Genette distinguished between two elements of the paratext: the “peritext” that was part of the book itself (the title, the cover, the foreword, and so on) and the “epitext” of external texts that nonetheless served in some way as a “threshold” to the text for many readers. Examples of epitext include the literary review or the general discourse on author and genre. As Genette noted in Paratexts (1997), his interest lay entirely with French literature, in particular with epitexts. Even after the work was translated into English, the concept of paratext was used mainly in literary studies to analyze the textual apparatus of older works. However, in the last decade or so, the term has spread into cultural studies as a means to name and analyze the various intertextual elements that engage audiences with popular cultural products, such as films, television shows, and even star personae. Perhaps the most influential of these works is Jonathan Gray’s Show Sold Separately: Promos, Spoilers, and Other Media Paratexts (2010).

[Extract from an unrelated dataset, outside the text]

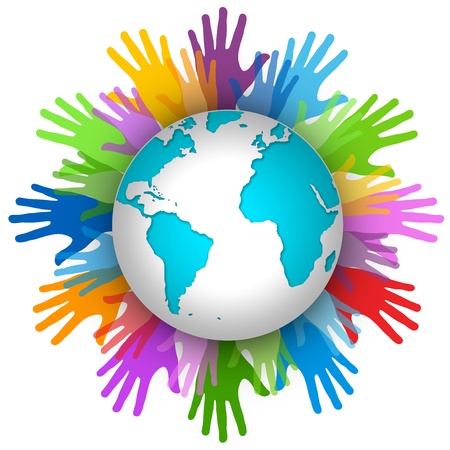 Volunteer Concept, Many Colorful Hand Around The World Isolated on White Background の写真素材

Gray, along with Genette and Roland Barthes, emphasizes that texts and paratexts are linked by a shared textuality. Rather than treat “the text itself” in isolation, he recognizes that such a concept is always extended in time and space by advance publicity and retrospective criticism and, increasingly, by the nonprofessional discourses of fans and/or antifans. Initially, paratexts were given a low status—as advertising, hype, or merchandise—but Gray insists on paratexts as meaning-making apparatuses, valuable for study in their own right. While most of his book deals with producer-generated image-based paratexts (posters, trailers, and DVD extras) of films and television shows, he also includes toys and games as well as gossip, discussion, and speculation as user-generated paratexts. Clearly, this interest in “off-screen studies” has something in common with the long-standing engagement with actual audiences and meaning making within cultural studies and reception studies.

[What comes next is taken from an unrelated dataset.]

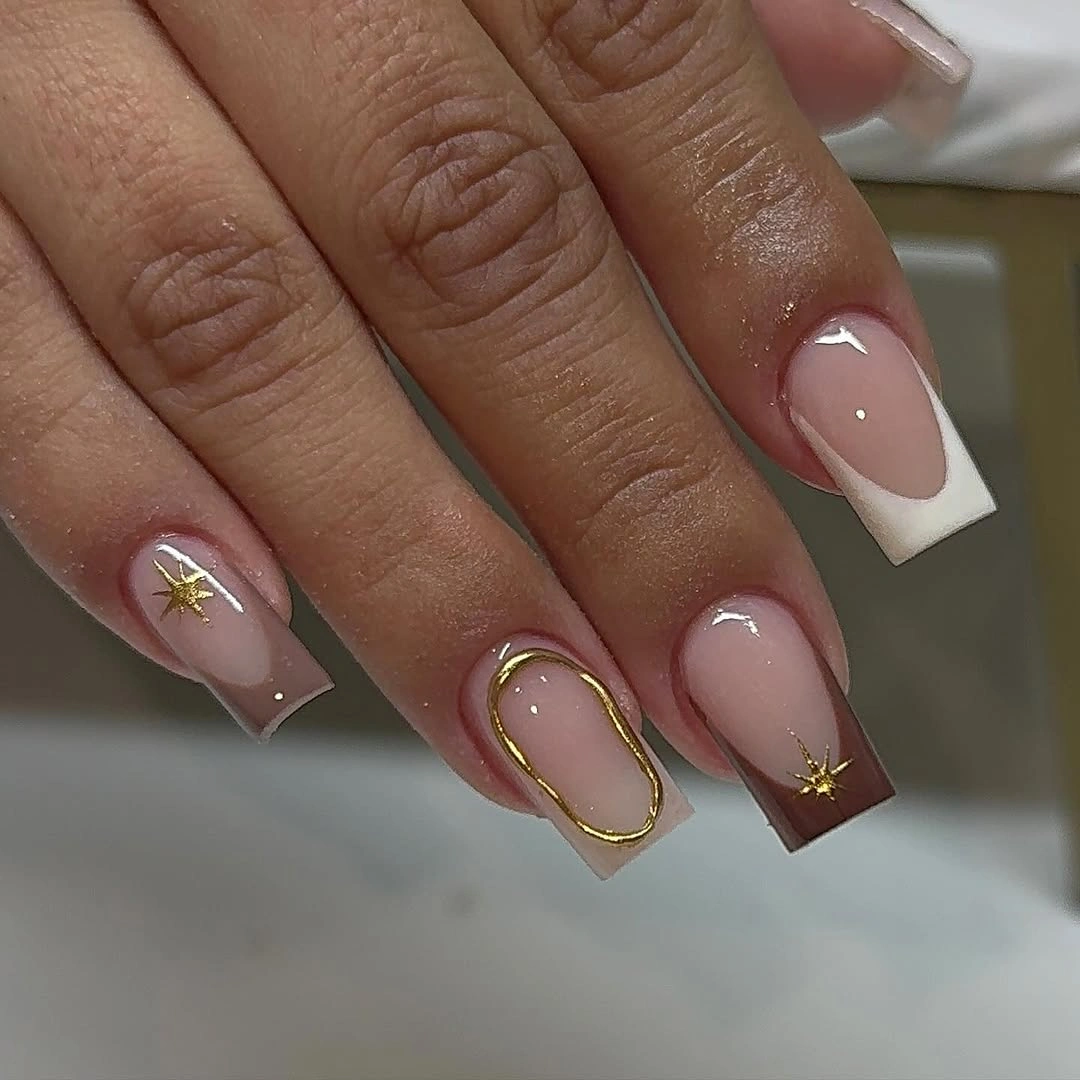 Blush square nails with white French tips and fine gold details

Although Genette’s interest in authorial intention (the texts’ “illocutionary force”) and Gray’s emphasis on material texts might seem to downplay actual audience practices, the term paratext seems particularly suited to the recent attention to “participatory culture” (Jenkins 2013), in which it is no longer clear whether agency lies with the audiences that participate in creating new works around existing franchises or with the copyright holders that allow for such activity in their production plans. Indeed, one might ask whether such a distinction between capitalist production and resistant reception can even be maintained.
The remainder of this essay will explore the significance of thinking about popular culture and film through the concept of the paratext. Rather than consider the paratexts most directly focused on steering the interpretation of feature films and television programs (such as reviews and advertisements), I will focus on that most nebulous of popular culture categories: the star, or celebrity, persona. The concept of paratext allows us to understand the dual-edged nature of stardom (produced by paratexts yet reworked by audiences) described by Richard Dyer, P. David Marshall, and others. The example of Ishihara Yūjirō reveals the long history of image, sound, and written paratexts in the culture of publicity in Japan.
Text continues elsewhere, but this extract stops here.